Kate Cook owns and operates Athens’ own ARTini’s, a full-service art lounge, or what she affectionately describes as her “paint-and-sip.” Kate may fantasize about living in the islands, but she describes Athens as the perfect fit and her work as quintessential: she’s living the dream, and she’s ready to expand.
Growing the Seed
Kate was working at JHouse Media when a friend told her about a studio in Denver where she’d gone to share a bottle of wine and paint with friends. Kate loved JHouse, but she was hooked by the idea of using her Fine Arts degree, creative talents, and small business acumen to make a living and meet new people every day.
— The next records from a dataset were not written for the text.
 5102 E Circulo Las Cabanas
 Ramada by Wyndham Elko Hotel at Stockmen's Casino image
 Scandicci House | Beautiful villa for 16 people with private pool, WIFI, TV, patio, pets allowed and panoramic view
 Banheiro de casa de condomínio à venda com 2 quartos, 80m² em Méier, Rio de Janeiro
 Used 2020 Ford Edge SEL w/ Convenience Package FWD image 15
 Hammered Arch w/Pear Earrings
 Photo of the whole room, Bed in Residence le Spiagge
She’s quick to recognize that ARTini’s sells entertainment, and if you’ve ever shared in one of Kate’s characteristically welcoming and charismatic conversations, you know she’s good at it. On top of offering instruction, materials, studio space, and booze, ARTini’s employs local Athens artists to instruct with all original pieces.
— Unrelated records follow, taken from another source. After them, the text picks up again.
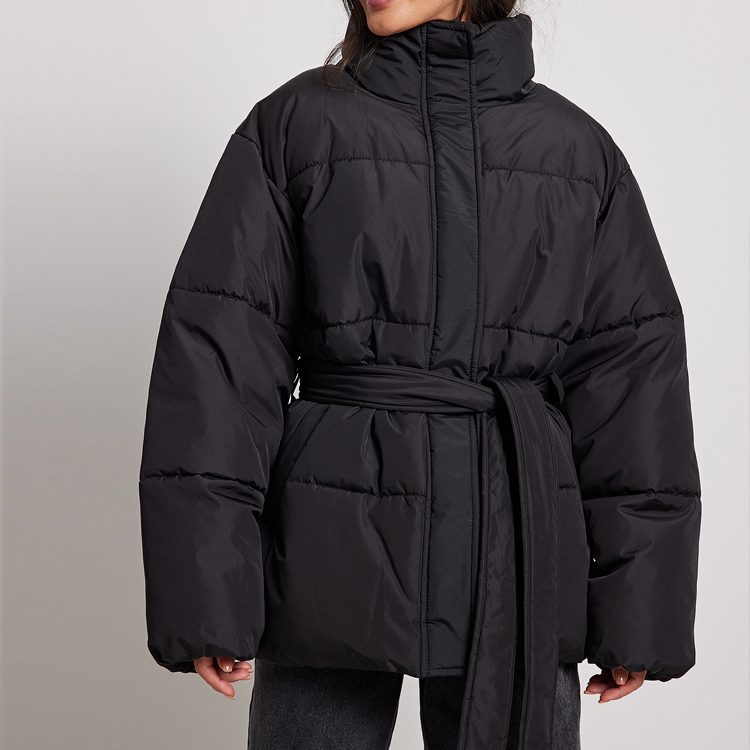 Geriausiai parduodamas moteriškas ilgas pūkuotas paltas su gobtuvu – individualizuota moteriška pūkinė striukė su diržu – AIKA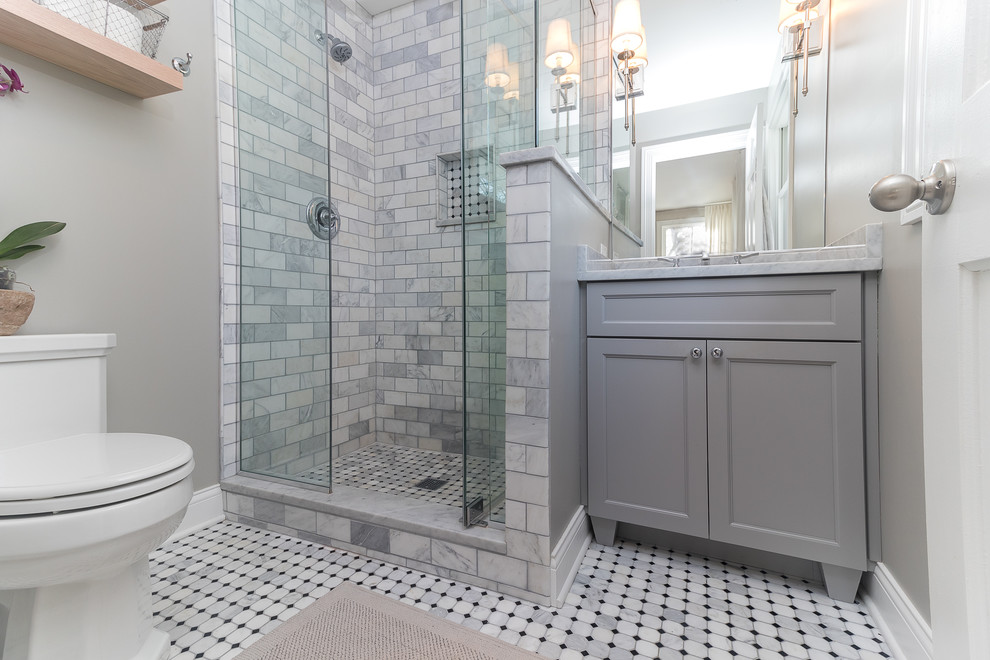 Inspiration för mellanstora klassiska badrum med dusch, med möbel-liknande, grå skåp, en öppen dusch, grå väggar, vitt golv och med dusch som är öppen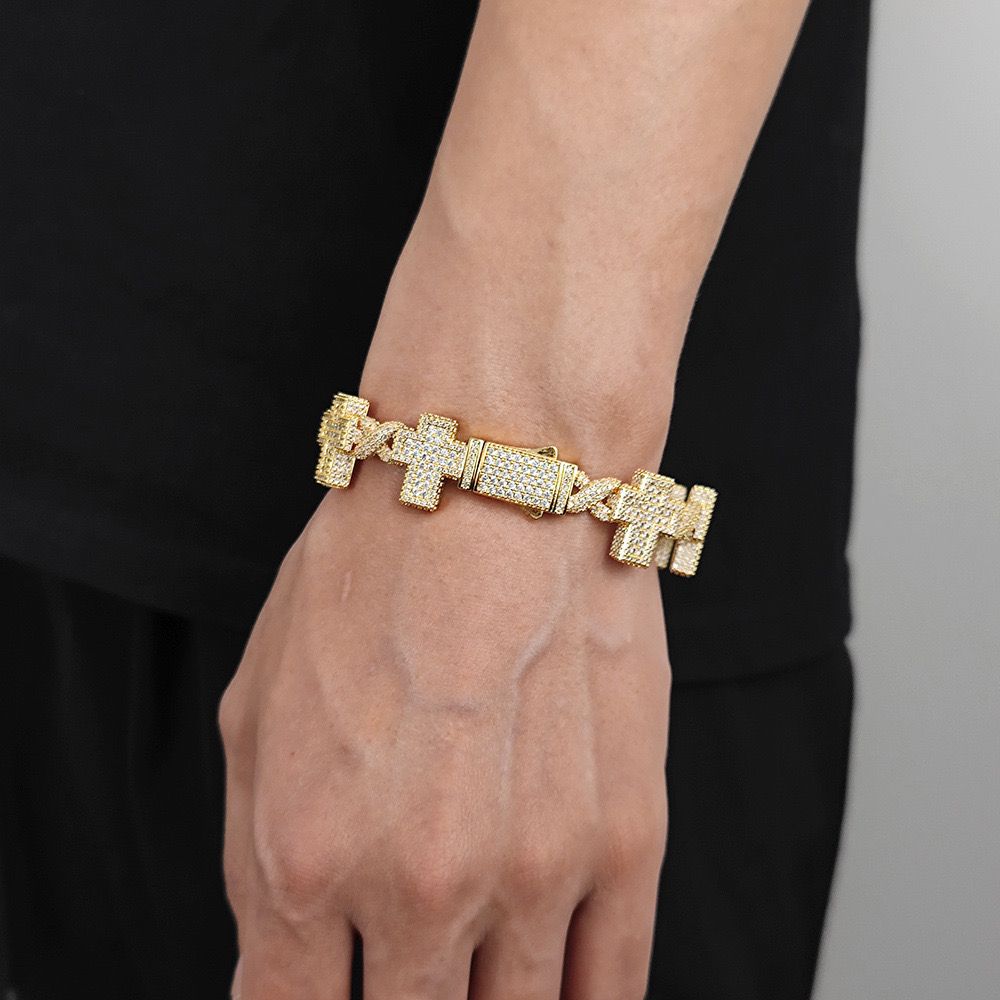 Iced-Out Men’s Bracelet - 18k Gold Plated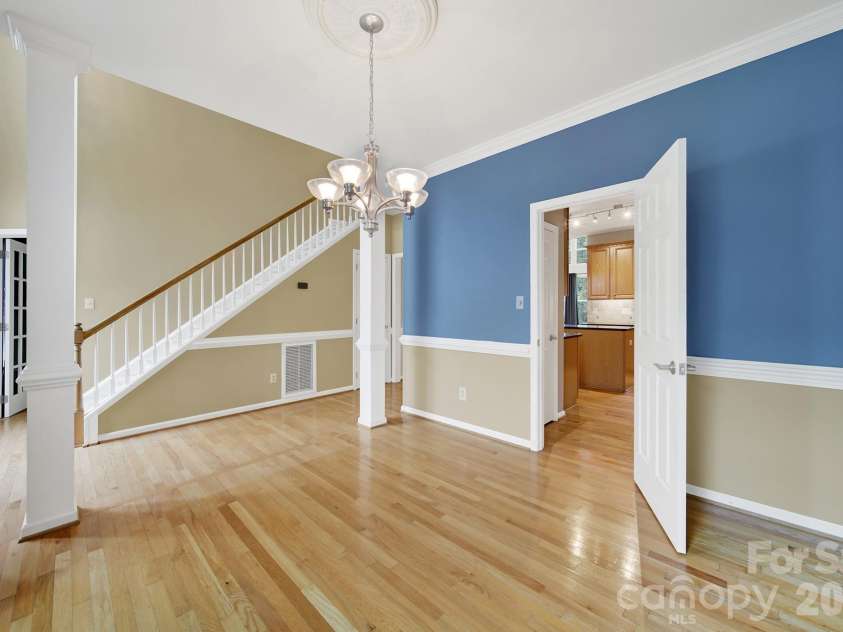 5709 Mallard Grove Road, Charlotte, NC 28269.  MLS# CAR4412816, YatesRealty ID 42502.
Kate considers herself a competitor in select areas, and business is one of them. When ARTini’s was opening its doors, three paint-and-sip studios had popped up in Athens within just a few months, so Kate had her work cut out for her. Luckily, Kate thrives under this type of pressure, and with the fire under her butt, ARTini’s has found success in a challenging market.
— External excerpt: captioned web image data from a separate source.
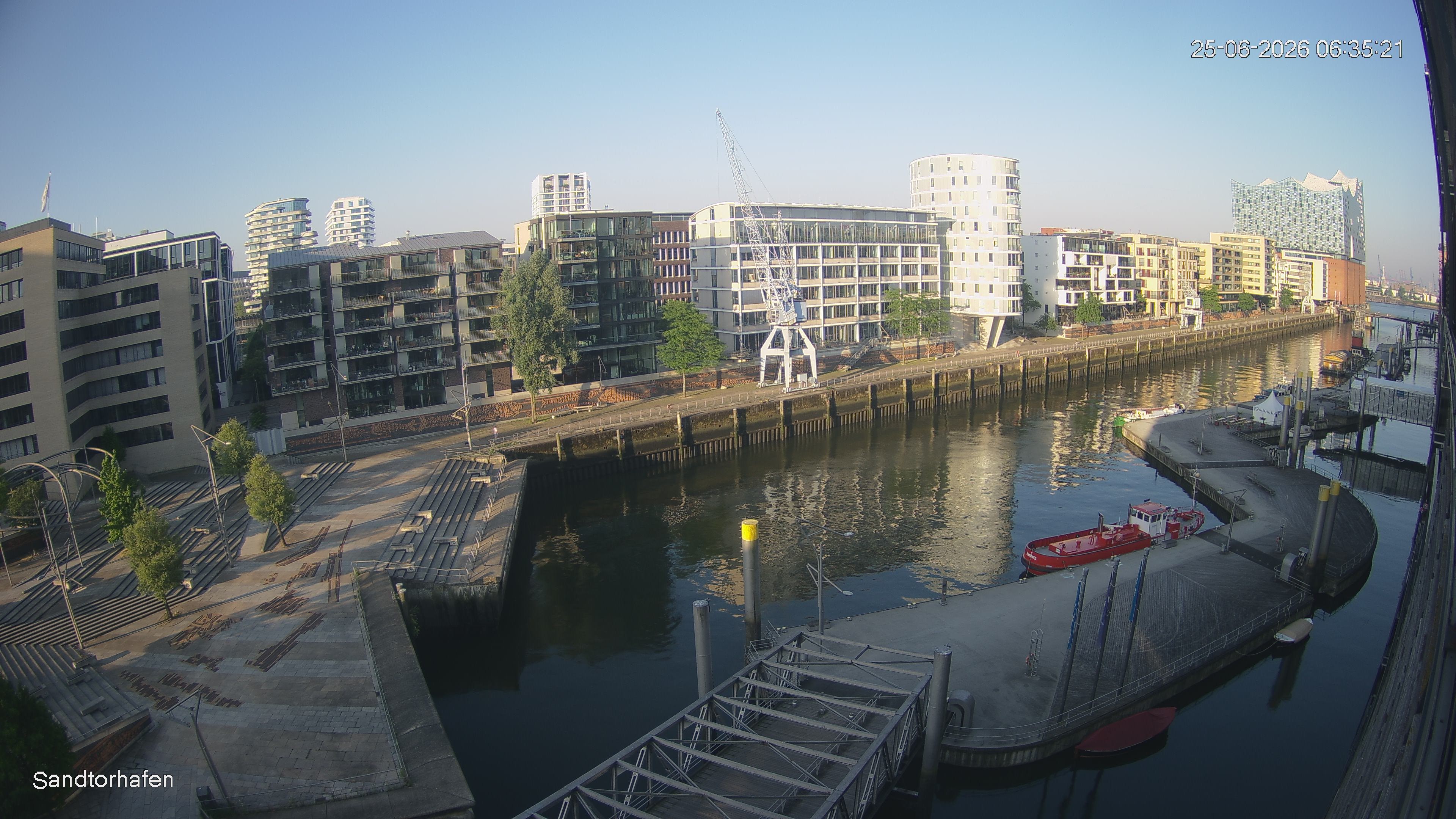Archived image Webcam Harbour Hall Hamburg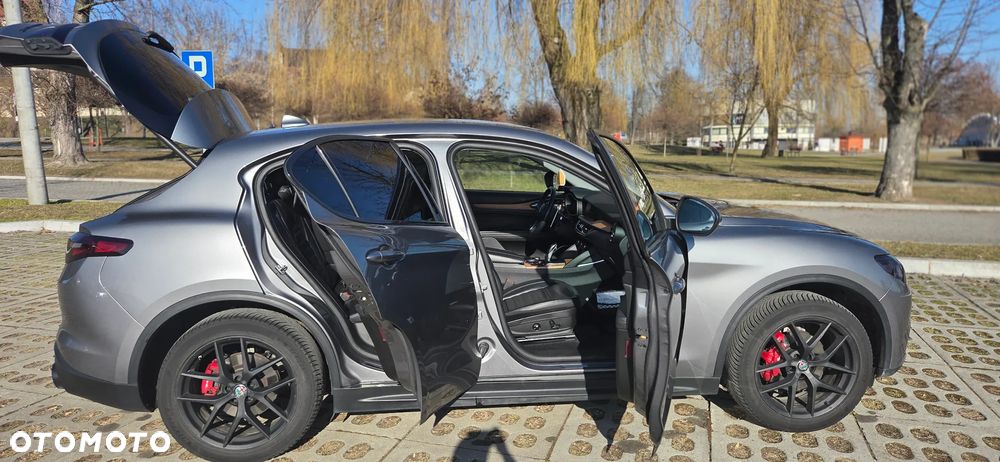 Alfa Romeo Stelvio 2.0 Turbo First Edition Q4 - 8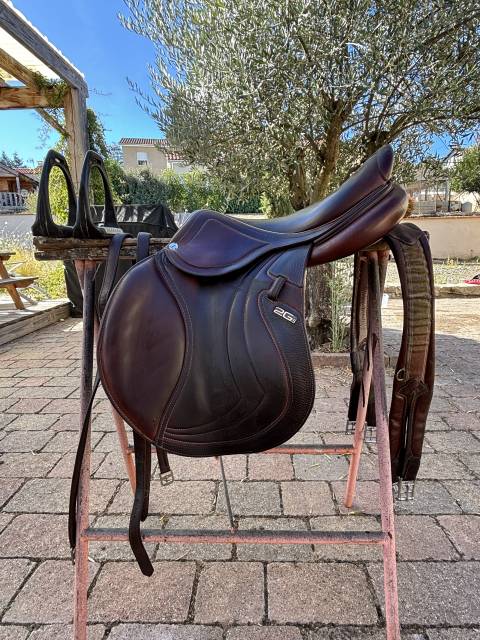 Sella da salto ostacoli CWD  17.5" - 2019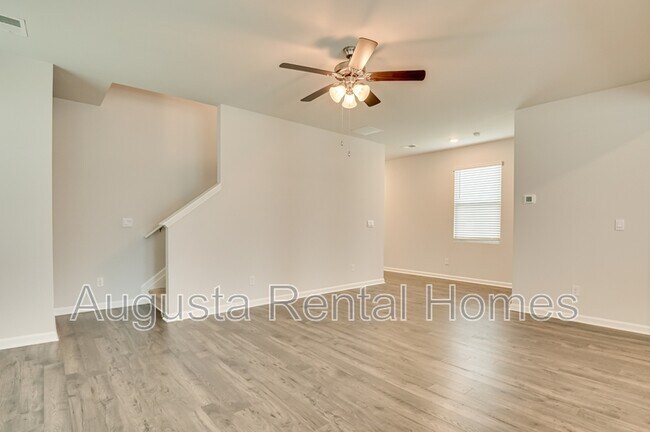 Building Photo - 1414 Deer Hollow Run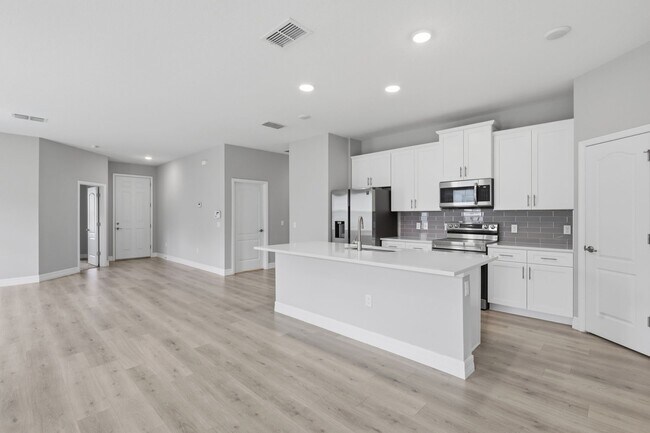 Building Photo - 5574 SW 128th Pl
On top of its University-accessible downtown location, the studio is a versatile space, and Kate is present and available every day. ARTini’s is an artist-owned enterprise, and Kate is comfortable cooperating with other businesses and customers alike. When she started the company, she thought she’d be painting every day, but when she’s not handling management, Kate’s often busy running the technical side of the business. Her flexibility allows her to adapt to day-to-day challenges, and deliver wherever attention is needed.
Pushing Back & Giving Back
When planning painting sessions, Kate’s most pressing concern is keeping the artwork varied. She prioritizes finding new subjects and styles, and she stresses the importance of using different concepts.
The biggest challenge is keeping the artwork fresh, and keeping the public coming back. We’re always thinking of ways to create new paintings without copying others. We don’t want to step on anyone’s design toes, but you can only paint a peacock so many ways.
Local artists have a strong mutual respect, so there is a very low turnover of artist instructors. Accessible, down-to-earth networking is important to learn of new talent as well as to spread the word about the business itself.
Kate knows success isn’t just about winning customers. She does as much for the community as she can, making it a rule to donate to numerous organizations for fundraising.
Kate has a fresh perspective on networking, borne by how good she feels when meeting someone new. And while she’s comfortable in conversation with most people, taking the self-promotion angle is a struggle. She’s shy about talking to others about what she does, so she appreciates a good event. Liquid courage doesn’t hurt.
Kate thinks of networking as an “anything goes” practice. She seeks out new events and regularly goes out, shying away from people only on sensitive topics like religion and politics. On top of her artistic research, she is an avid and nondiscriminating reader, absorbing articles on culture and current events, all of which are fair game when getting to know people in the community.